If you are considering stats on the sums of dice instead of combinations, you can update the dropLowest fonction :
def dropLowest(l: Seq[Int]) = l.sum - l.min
Context
object Fibonacci {
final val Threshold = 30
def fibonacci(n: Int)(implicit implementation: Fibonacci): Int = implementation match {
case f: functional.type if n > Threshold => fibonacci(n)(imperativeWithLoop)
case f: imperativeWithRecursion.type => f(n)
case f: imperativeWithLoop.type => f(n)
case f: functional.type => f(n)
}
sealed abstract class Fibonacci extends (Int => Int)
object functional extends Fibonacci {
def apply(n: Int): Int =
if (n <= 1) n else apply(n - 1) + apply(n - 2)
}
object imperativeWithRecursion extends Fibonacci {
def apply(n: Int) = {
#scala.annotation.tailrec
def recursion(i: Int, f1: Int, f2: Int): Int =
if (i == n) f2 else recursion(i + 1, f2, f1 + f2)
if (n <= 1) n else recursion(1, 0, 1)
}
}
implicit object imperativeWithLoop extends Fibonacci {
def apply(n: Int) = {
def loop = {
var res = 0
var f1 = 0
var f2 = 1
for (i <- 2 to n) {
res = f1 + f2
f1 = f2
f2 = res
}
res
}
if (n <= 1) n else loop
}
}
}
Example
object Main extends App { // or REPL
import Fibonacci._
println(fibonacci(6)(imperativeWithRecursion)) // 8
println(fibonacci(6)(imperativeWithLoop)) // 8
println(fibonacci(6)(functional)) // 8
println(fibonacci(6)) // 8
println(fibonacci(40)(functional)) // 102334155
}
Explanation
I was playing with Scala and ended up with this code.

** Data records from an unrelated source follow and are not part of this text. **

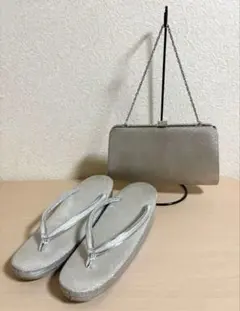 和装 レディース 草履＆バッグセット 【訳あり】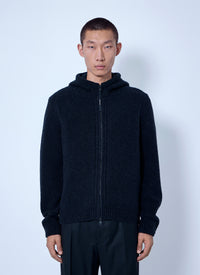 Moncler Men Bouclé Wool Blend Zip-Up Hoodie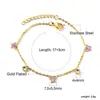 Pulseras Populares Europeas y Americanas, Lindos y Dulces Colgantes de Mariposa y Libélula con Pulseras de Diamante Blanco, Venta Directa de Fabricantes de Joyería de Acero Inoxidable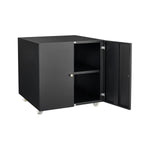 Office furniture Copier Cabinet black 2 door steel copier stand mobile pedestal file Printer Stand W1247131617-djyc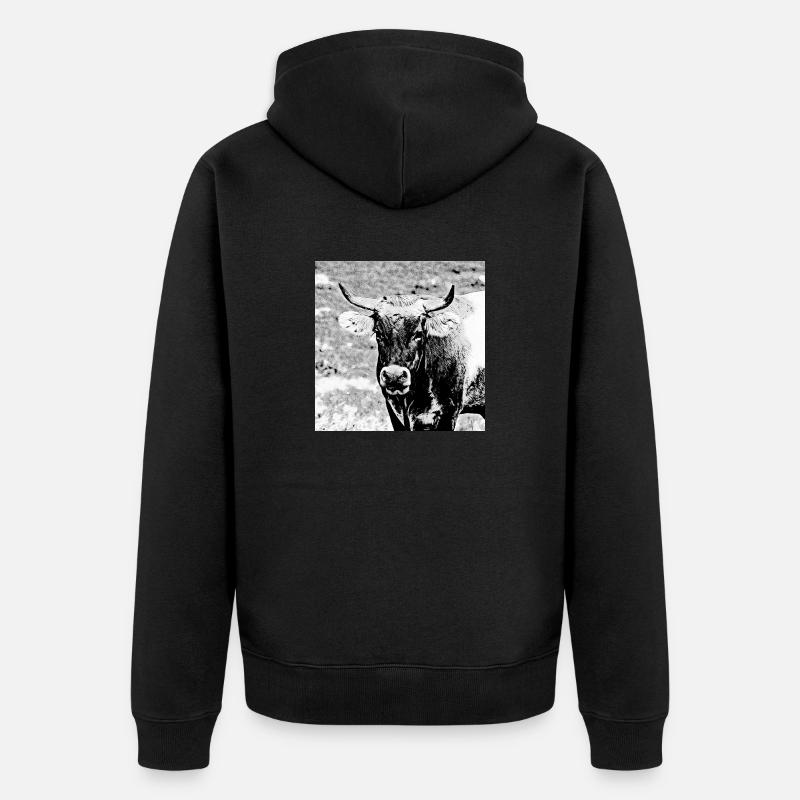 Taureau - Veste à capuche bio Premium Unisexe - noir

It compiles and runs, but...
Questions:
1) Is there any difference (readbility, performance, known bugs, anything) between
case f: functional.type => f(n)
and
case `functional` => functional(n)
This is supposed to be more of a discussion, so I'm not only interested in facts. Any opinion is welcomed.

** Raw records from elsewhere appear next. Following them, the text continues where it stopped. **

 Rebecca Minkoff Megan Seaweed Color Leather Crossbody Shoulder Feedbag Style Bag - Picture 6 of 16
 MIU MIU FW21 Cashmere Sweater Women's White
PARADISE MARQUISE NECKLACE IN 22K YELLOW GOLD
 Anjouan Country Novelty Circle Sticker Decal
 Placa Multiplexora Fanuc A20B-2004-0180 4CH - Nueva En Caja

2) Look at the first line of the fibonacci method. Here it is:
case f: functional.type if n > Threshold => fibonacci(n)(imperativeWithLoop)
If I leave the 2nd parameter list (imperativeWithLoop) out, the code compiles but enters an infinite loop when I run it. Does anyone know why? The default implementation imperativeWithLoop is known to the compiler (no errors are produced). So why doesn't it get implicitly invoked? (I assume it doesn't)
Regarding the first question, there are small differences, but none that matter here. But it would be better if you uppercased the objects, in which case you could write this:
case Functional => Functional(n)
Regarding the second question, if you leave out imperativeWithLoop, it will select the implicit Fibonacci closest in scope -- implementation (which has already be found to be equal to funcional). So it will call itself with the exact same parameters as it had called before, and, therefore, enter an infinite loop.